1,6 million de camions empruntent le « shuttle » chaque année. | Infographie Ouest-France
Pas question d’y passer la journée. Ici, chaque minute compte. Le contrôle migratoire, réalisé à l’aide de chiens renifleurs, de capteurs de battements de cœur et de CO2, n’est qu’un pan des huit points de vérification auxquels sont soumis les camions. Huit, pour l’instant… Mais personne ne sait à quoi s’attendre après le Brexit. Seule certitude : police, douanes et services vétérinaires devront procéder à des contrôles en sus. Leur nombre variera selon l’accord scellé entre Londres et Bruxelles.
Coûteux, ces contrôles s’avèrent surtout gourmands en temps. Or, les livreurs de colis express, gros client du tunnel, promettent souvent des livraisons à la demi-heure près : impossible de les retarder avant qu’ils n’embarquent à bord du train.
Pression du « juste-à-temps »
Même stress avec le « juste-à-temps », nom donné aux cargaisons à flux tendu.
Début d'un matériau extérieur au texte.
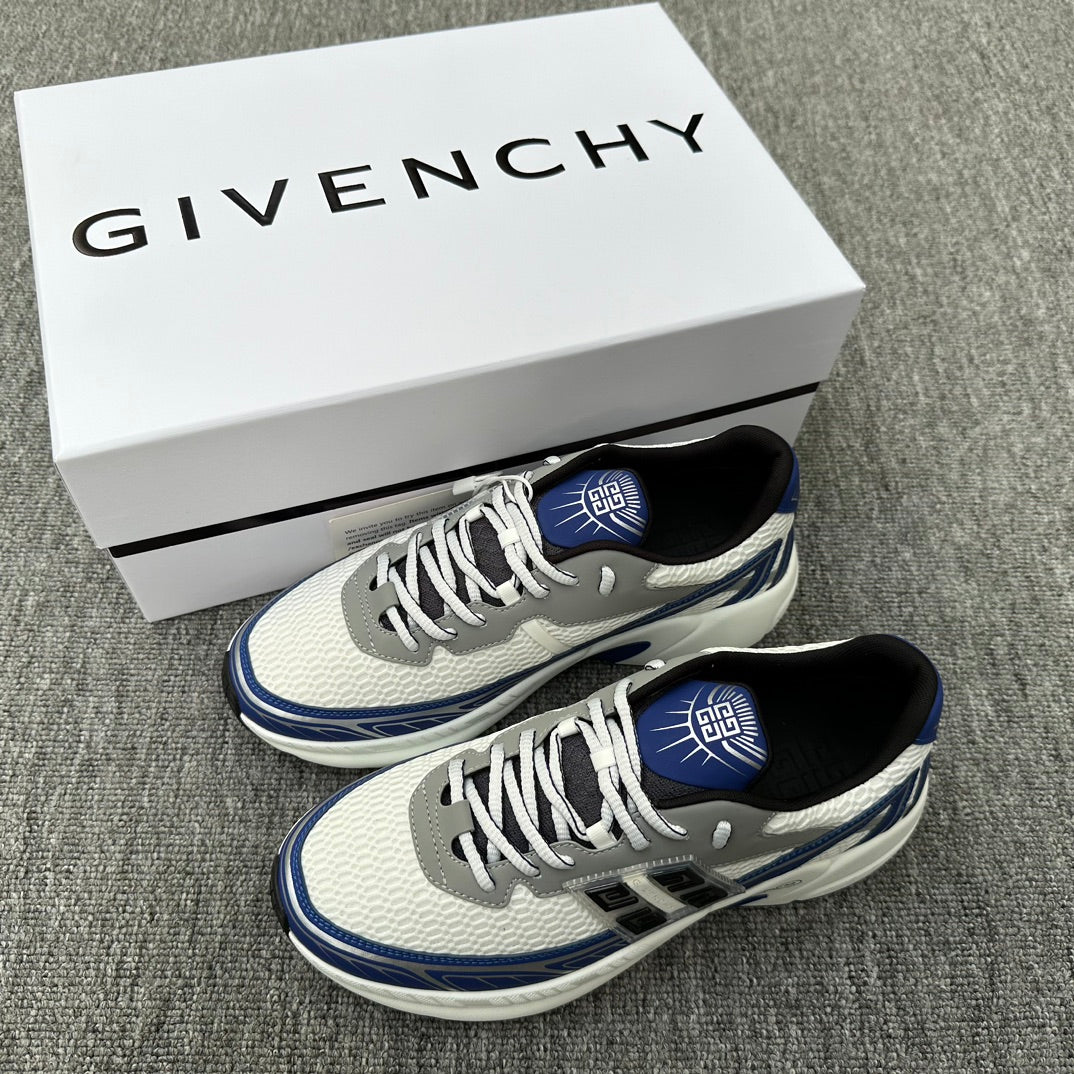Givenchy NFNTY-52 Low-Top Sneakers with 4G Logo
Suspensions allemandes, pots d’échappement néerlandais, ceintures de sécurité hongroises et roues espagnoles… Les usines automobiles britanniques, qui recrachent chaque année un million de voitures sur le marché européen, tournent avec « deux heures de stock au maximum », explique Anne-Laure Descleves, directrice de la communication.
D’où l’inquiétude des transporteurs à l’approche du Brexit. Depuis deux ans, « nous nous sommes mis en ordre de marche pour intégrer les contrôles complémentaires », veut rassurer Jacques Gounon. Le PDG du groupe Getlink (Eurotunnel) en a horreur des files d’attente.
Plus besoin donc, pour les chauffeurs, de descendre sans cesse de leur cabine. Un portique scanne leurs marchandises en quelques secondes. Et au péage, leurs plaques d’immatriculation sont détectées automatiquement. Pratique, pour les 80 % de routiers qui passent ici au moins une fois par semaine.
Pas un jour sans que les agents de sécurité ne découvrent des migrants à bord de camions. Ici, les chiens ont « signé » en vain. Le camion est vide. | Cécile Réto
Le spectre d’un « no deal »
Pour éviter les bouchons, des contrôles juxtaposés ont été instaurés. Il suffisait d’y penser… « Avant, nous faisions un contrôle canin des cargaisons, puis un autre pour les bâches qui menacent de s’envoler dans le tunnel si elles sont déchirées », relate Anne-Laure Descleves. Fini le double arrêt : désormais, deux contrôleurs opèrent sous une même guérite.
Finie aussi la douane en sortie de tunnel. Au départ de Calais comme de Folkestone, la police aux frontières française (PAF) est postée à une cinquantaine de mètres des agents de la UK border force. À l’arrivée, après 35 minutes de traversée, moins d’un quart d’heure suffit à évacuer les camions du train… Ils peuvent alors filer sur l’autoroute voisine, sans refaire la queue à la douane.
Aussi efficaces soient ces mesures, elles ne suffiront pas à compenser le temps perdu avec les nouvelles étapes sanitaires et douanières post-Brexit. D’où la bataille que mène Eurotunnel pour accueillir ces « guérites » sur son site. L’État préférerait limiter les frais, en ouvrant un point de contrôle commun au tunnel et au port, distant d’une quinzaine de kilomètres.
L’idée ne plaît ni au port, ni à Eurotunnel, qui veulent garder leurs clients chez eux. Il va pourtant falloir faire vite. En cas d’absence d’accord avec Bruxelles, tout devra être prêt le 30 mars 2019. À minuit côté français ; 23 h côté britannique.